Problem details: The entries that follow must be given again exactly, with no pictures kept.

Dataset records:

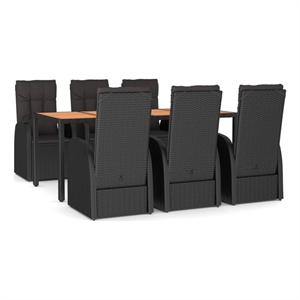 Afuera Living Poly Rattan Seven-Piece Set Garden Dining Set in Black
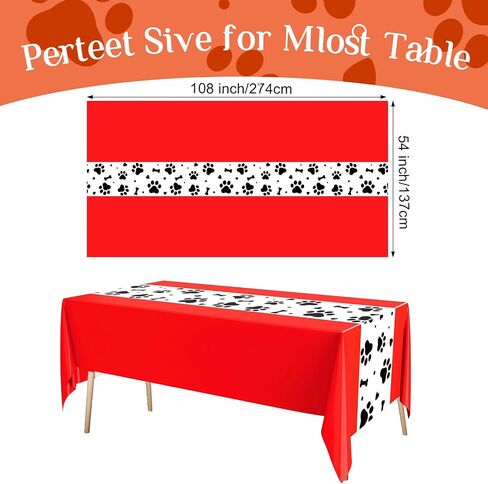 Oudain 6 Pcs Paw Print Plastic Tablecloths Disposable Rectangle Bone Sign Large Table Covers for Dog Theme Birthday Party Decorations Boy Girl Puppy Pet Dog Cat Party, 54x108 Inch(Red) in Saudi Arabia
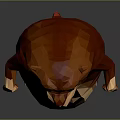 Low Poly Style Game Movie Character With Brown Beige Fur Big Eyes And Funny Expression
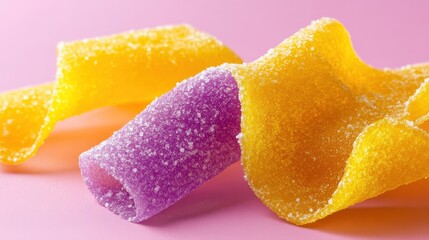 Brightly colored gummy candy pieces with sugar coating are artfully arranged against a pink background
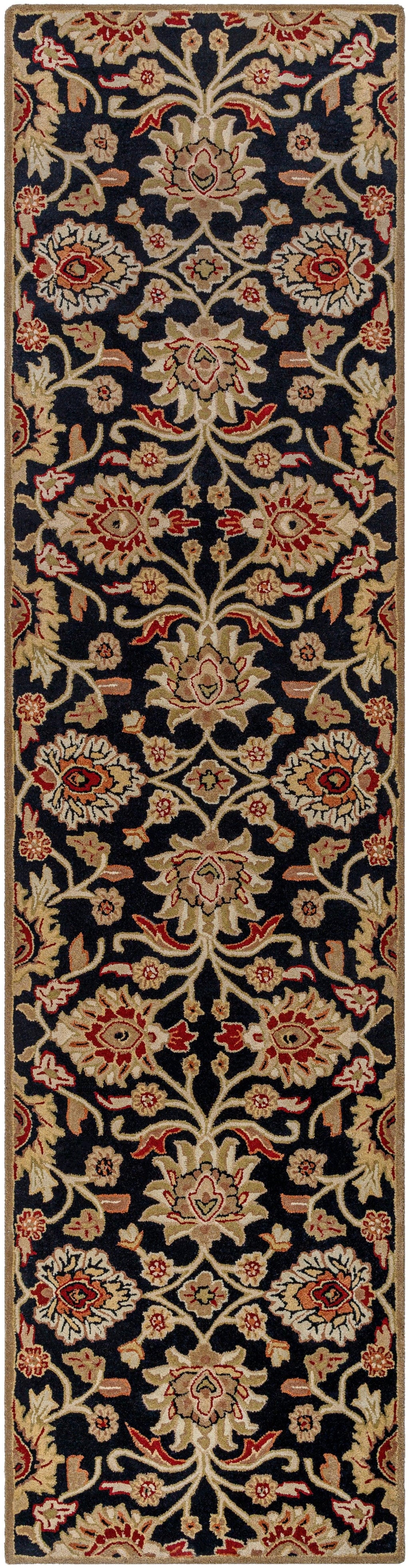 Mediterranean Ink hand-tufted wool runner rug with floral patterns on a black background.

Solved problem:
 Afuera Living Poly Rattan Seven-Piece Set Garden Dining Set in Black
 Oudain 6 Pcs Paw Print Plastic Tablecloths Disposable Rectangle Bone Sign Large Table Covers for Dog Theme Birthday Party Decorations Boy Girl Puppy Pet Dog Cat Party, 54x108 Inch(Red) in Saudi Arabia
 Low Poly Style Game Movie Character With Brown Beige Fur Big Eyes And Funny Expression
 Brightly colored gummy candy pieces with sugar coating are artfully arranged against a pink background
 Mediterranean Ink hand-tufted wool runner rug with floral patterns on a black background.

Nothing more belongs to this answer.